What needs to be done | Restate every record word for word, without the pictures.
Start of Supplied data
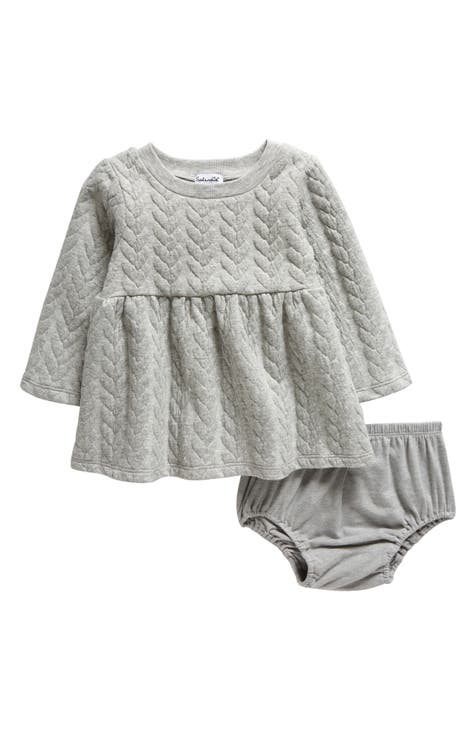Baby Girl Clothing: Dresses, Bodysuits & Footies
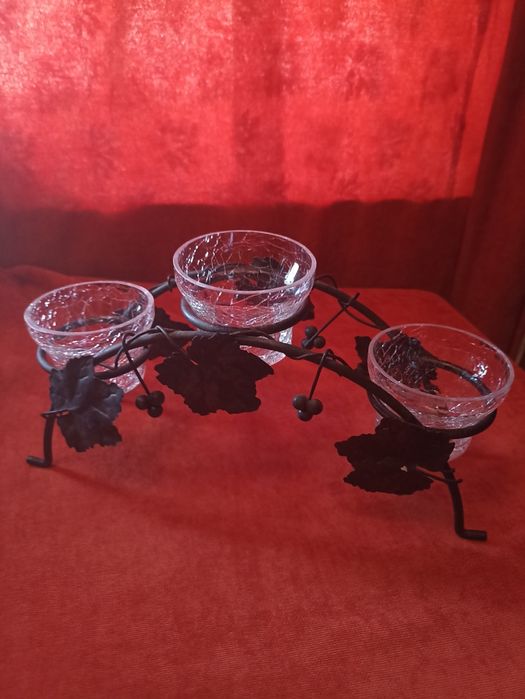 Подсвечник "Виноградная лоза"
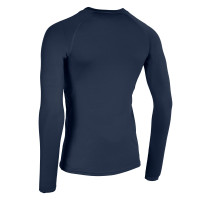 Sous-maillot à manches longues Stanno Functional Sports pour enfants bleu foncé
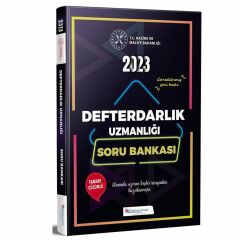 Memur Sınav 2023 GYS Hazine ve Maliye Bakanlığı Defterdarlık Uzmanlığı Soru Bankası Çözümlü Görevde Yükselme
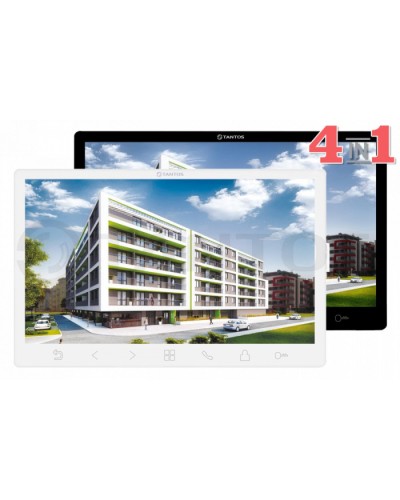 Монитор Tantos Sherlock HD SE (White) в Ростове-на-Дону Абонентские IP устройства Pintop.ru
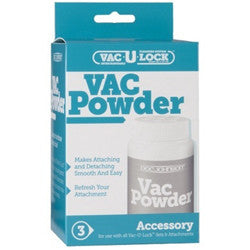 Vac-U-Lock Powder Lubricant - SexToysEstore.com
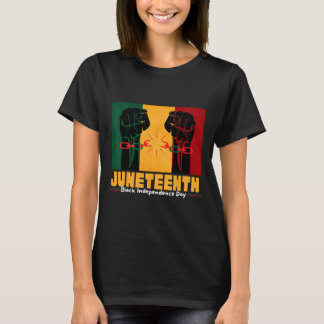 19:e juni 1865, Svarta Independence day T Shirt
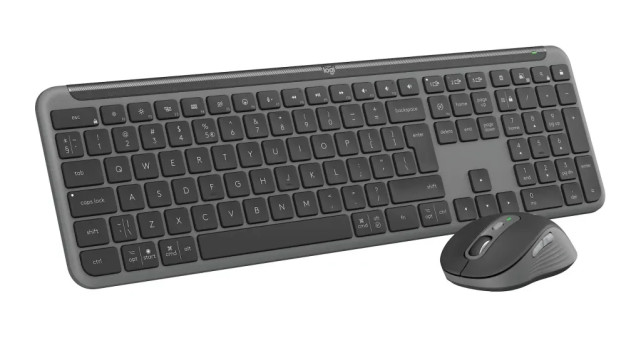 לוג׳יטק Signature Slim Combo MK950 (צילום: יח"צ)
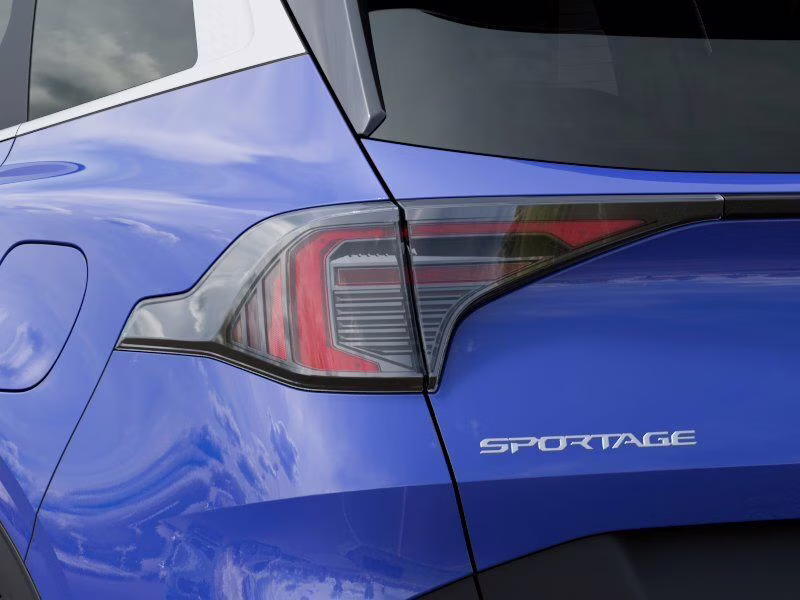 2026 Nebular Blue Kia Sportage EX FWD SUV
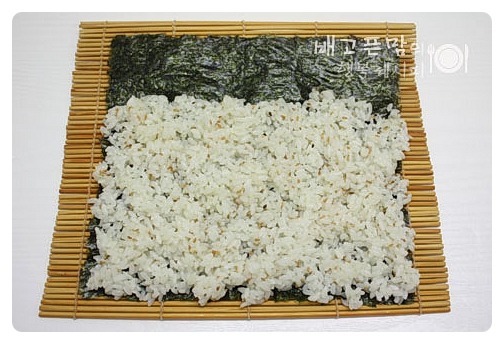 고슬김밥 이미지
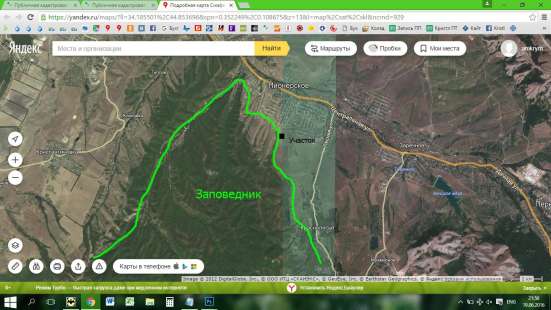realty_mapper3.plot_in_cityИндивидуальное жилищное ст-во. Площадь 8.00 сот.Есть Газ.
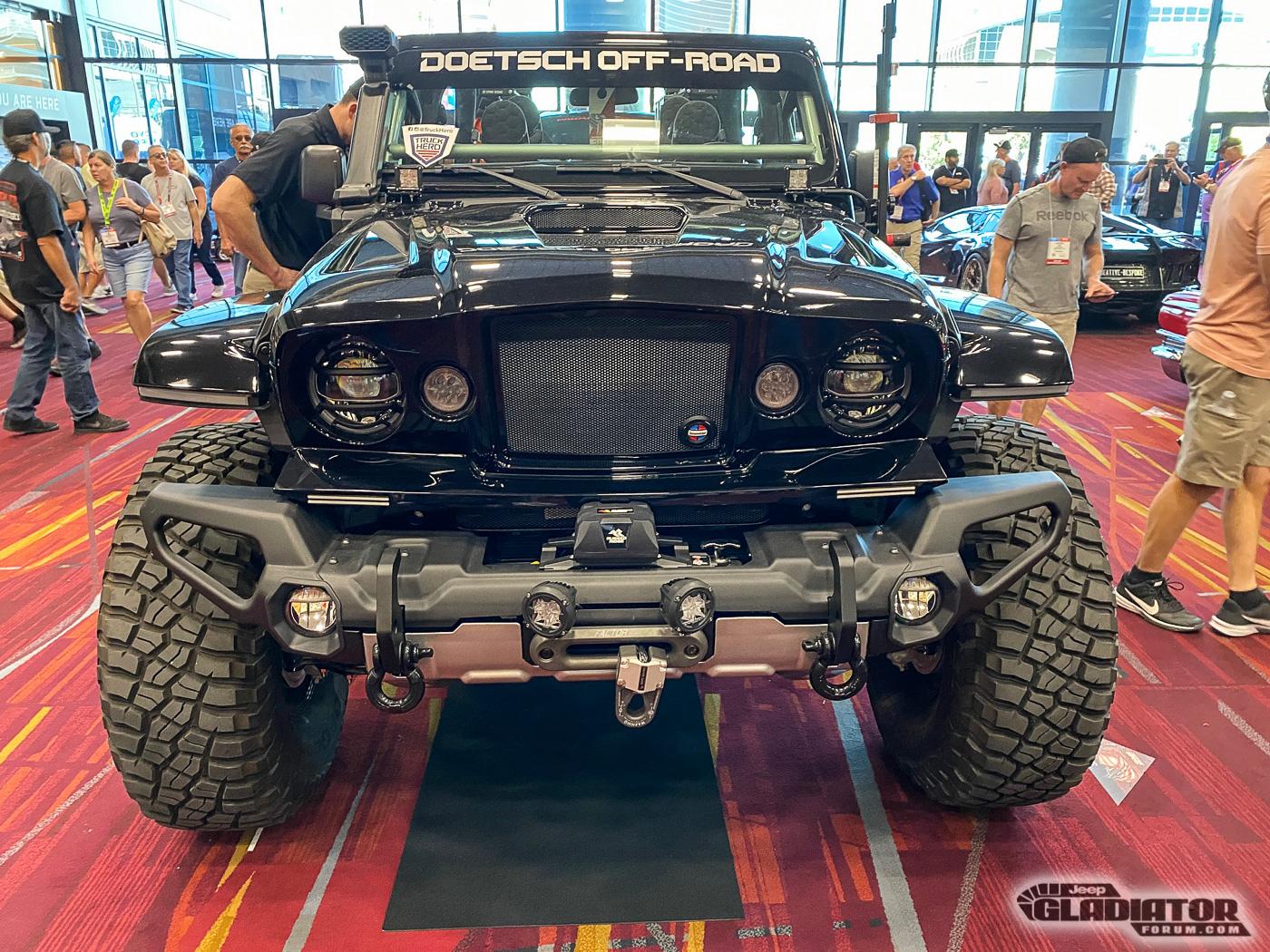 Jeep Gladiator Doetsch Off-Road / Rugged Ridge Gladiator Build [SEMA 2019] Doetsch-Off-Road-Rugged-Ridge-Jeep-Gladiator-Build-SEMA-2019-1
End of Supplied data
Answer to this exercise |
Baby Girl Clothing: Dresses, Bodysuits & Footies
 Подсвечник "Виноградная лоза"
 Sous-maillot à manches longues Stanno Functional Sports pour enfants bleu foncé
 Memur Sınav 2023 GYS Hazine ve Maliye Bakanlığı Defterdarlık Uzmanlığı Soru Bankası Çözümlü Görevde Yükselme
 Монитор Tantos Sherlock HD SE (White) в Ростове-на-Дону Абонентские IP устройства Pintop.ru
 Vac-U-Lock Powder Lubricant - SexToysEstore.com
 19:e juni 1865, Svarta Independence day T Shirt
 לוג׳יטק Signature Slim Combo MK950 (צילום: יח"צ)
 2026 Nebular Blue Kia Sportage EX FWD SUV
 고슬김밥 이미지
realty_mapper3.plot_in_cityИндивидуальное жилищное ст-во. Площадь 8.00 сот.Есть Газ.
 Jeep Gladiator Doetsch Off-Road / Rugged Ridge Gladiator Build [SEMA 2019] Doetsch-Off-Road-Rugged-Ridge-Jeep-Gladiator-Build-SEMA-2019-1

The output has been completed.